Evening Standard: Pension funds call for tougher curbs on mega pay deals for FTSE executives

17 February 2017

Britain's biggest pension funds are demanding “super-majority” votes on executive pay to stop companies shrugging off shareholder rebellions.

The UK’s influential Pension and Lifetime Savings Association (PLSA), which speaks for 20 million pensioners and £1 trillion of assets, has called on the Government to raise pay-vote thresholds so boards face tougher consequences from investor insurrections.

The PLSA hopes the move will stop boards claiming “victory” if the vote passes with a slim majority and give active shareholders more clout in shaking up eye-watering pay packets.

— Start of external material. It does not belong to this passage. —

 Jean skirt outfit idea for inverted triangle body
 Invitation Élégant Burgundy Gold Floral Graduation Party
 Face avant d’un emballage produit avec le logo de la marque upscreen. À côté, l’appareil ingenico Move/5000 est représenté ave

“Losing the pay award vote is quite rare, but significant levels of dissent are more common,” said PLSA policy chief Luke Hildyard said.

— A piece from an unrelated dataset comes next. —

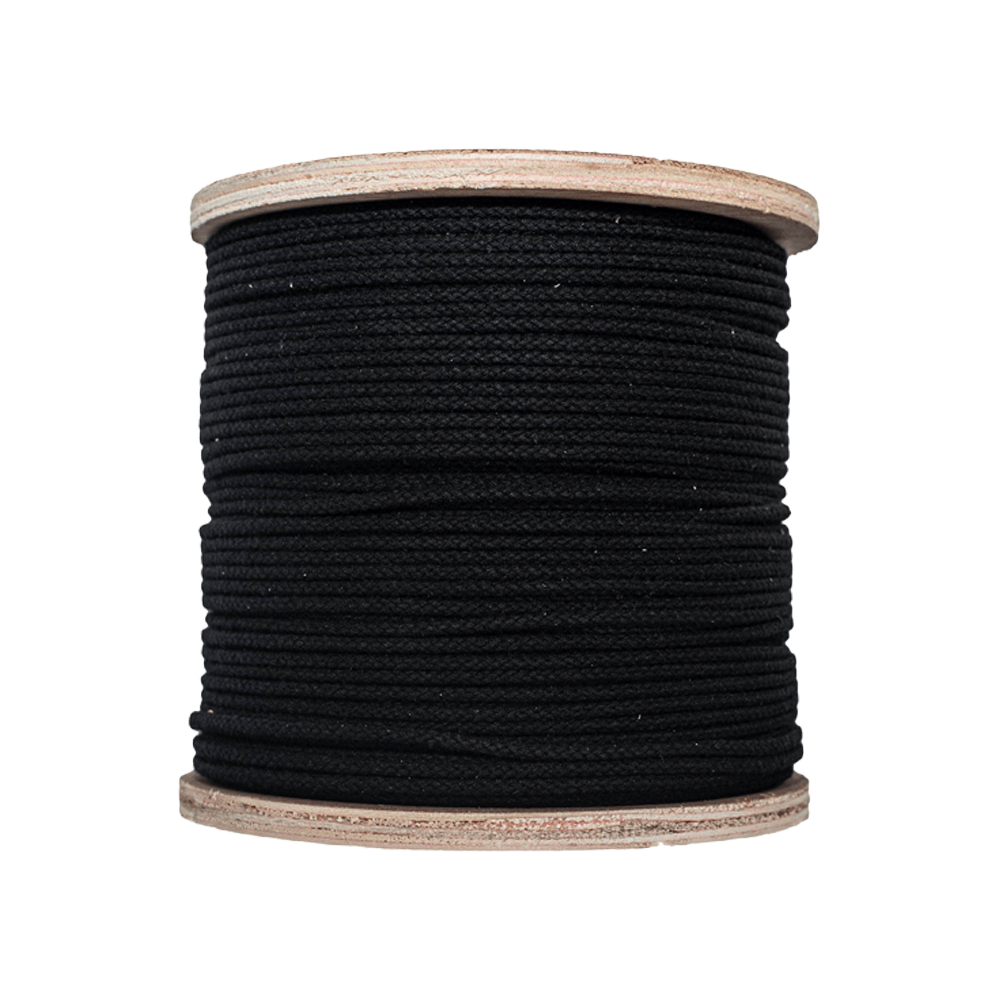 Sgt Knots Unglazed Cotton Tie Line - Multipurpose Polyester Core for Theatrical Projects, Decor & Commercial Uses (1/8 x 1000ft, Black)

“Companies don’t really take the votes against pay awards that seriously, they’re happy as long as they get through so they just put out dismissive boiler-plate statements noting the dissent.”

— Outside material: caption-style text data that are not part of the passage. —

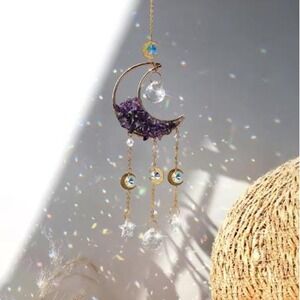 Colorful Crystal Gemstone Moon‎ Suncatcher in Purple Amethyst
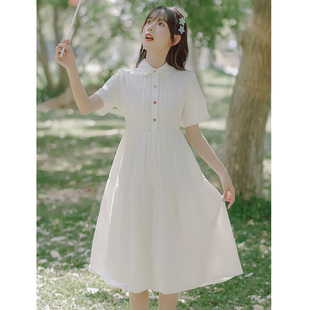 法式衬衣连衣裙少女夏装2024初中高中学生仙女白色POLO长裙子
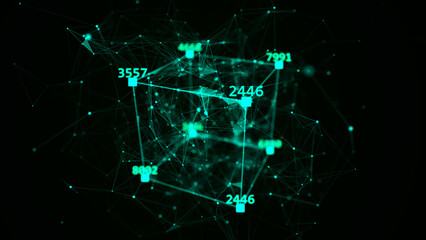 Technology blockchain concept. Visualization of the dynamic flow of the cryptocurrency industry. Big data flow connections. Network connection structure. 3D Rendering.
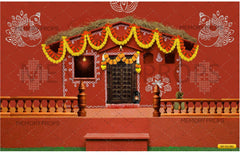 Red Color Pongal Celebration Backdrop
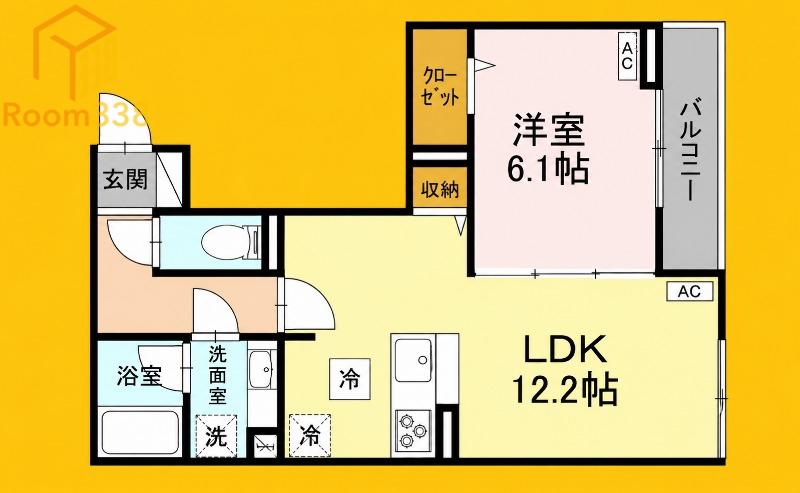 MAISON DE MON REVE 高円寺(1LDK/1階)の間取り写真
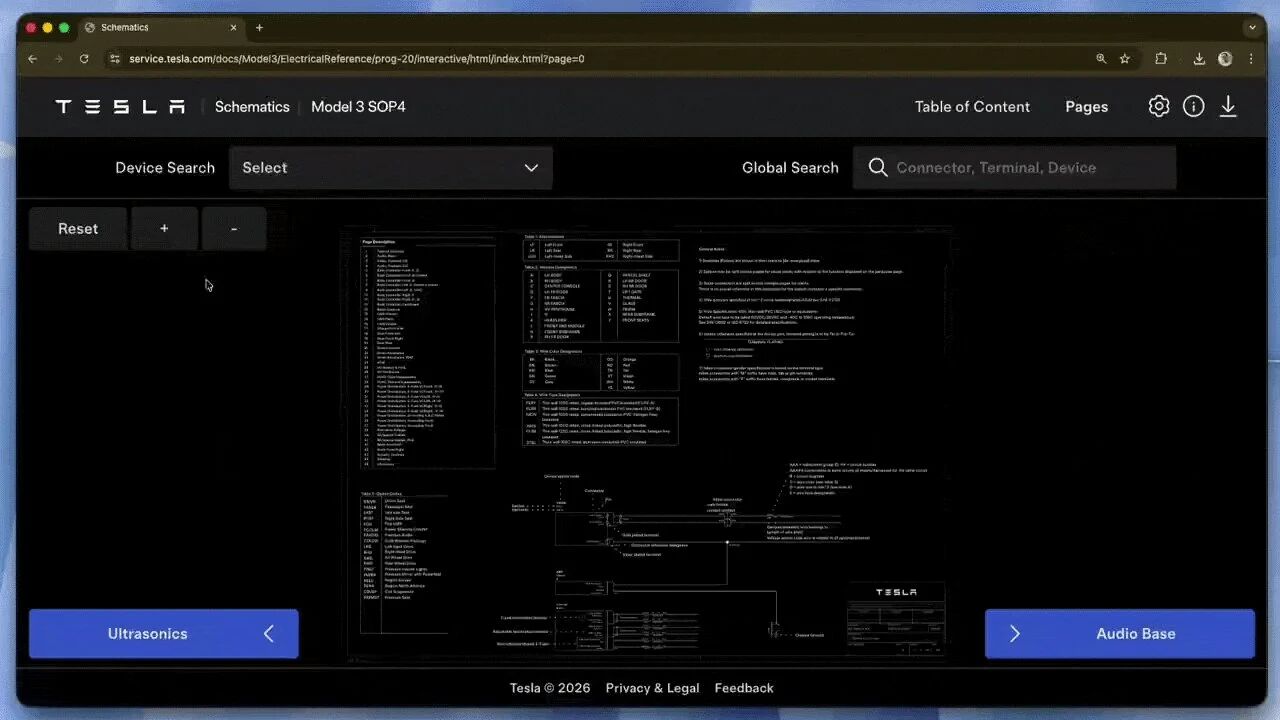图2：特斯拉电气原理图显示屏幕接线图和连接器针脚分配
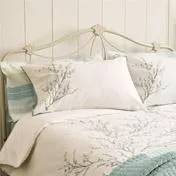 Pussy Willow Embroidered Duck Egg Duvet Cover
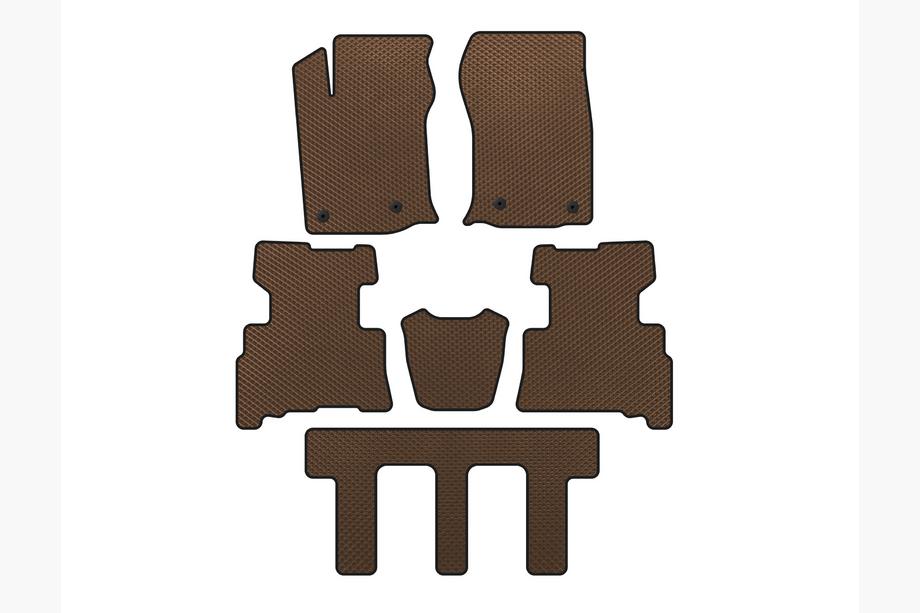 Toyota 4Runner 2009-2024 EVA Fußmatten (3 Reihen, 2014-2024, 7-Sitzer, Braun) Image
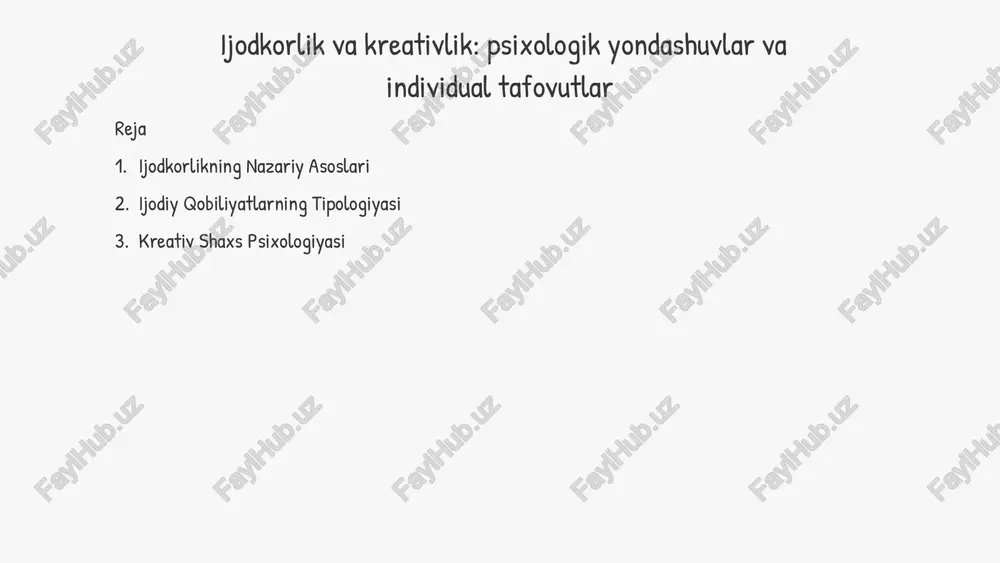 ijodkorlikning nazariy asoslari — PPTX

Under the proposed rules, companies would need to get a super-majority of more than 75% approving chief executive pay awards or face a second irreversible vote on the overall pay policy.

If they lose that vote, held within 90 days of the first, boards could be forced to go back to the drawing board and restructure bonus and share award schemes.

The super-majority proposals form part of a consultation by Prime Minister Theresa May on corporate governance reforms.

It has proposed stronger consequences for firms losing shareholders votes.

The International Corporate Governance Network — which represents investors such as Aberdeen Asset Management, Schroders, BlackRock and big Canadian pension funds — has also backed the plan although stopped short of calling for a super-majority.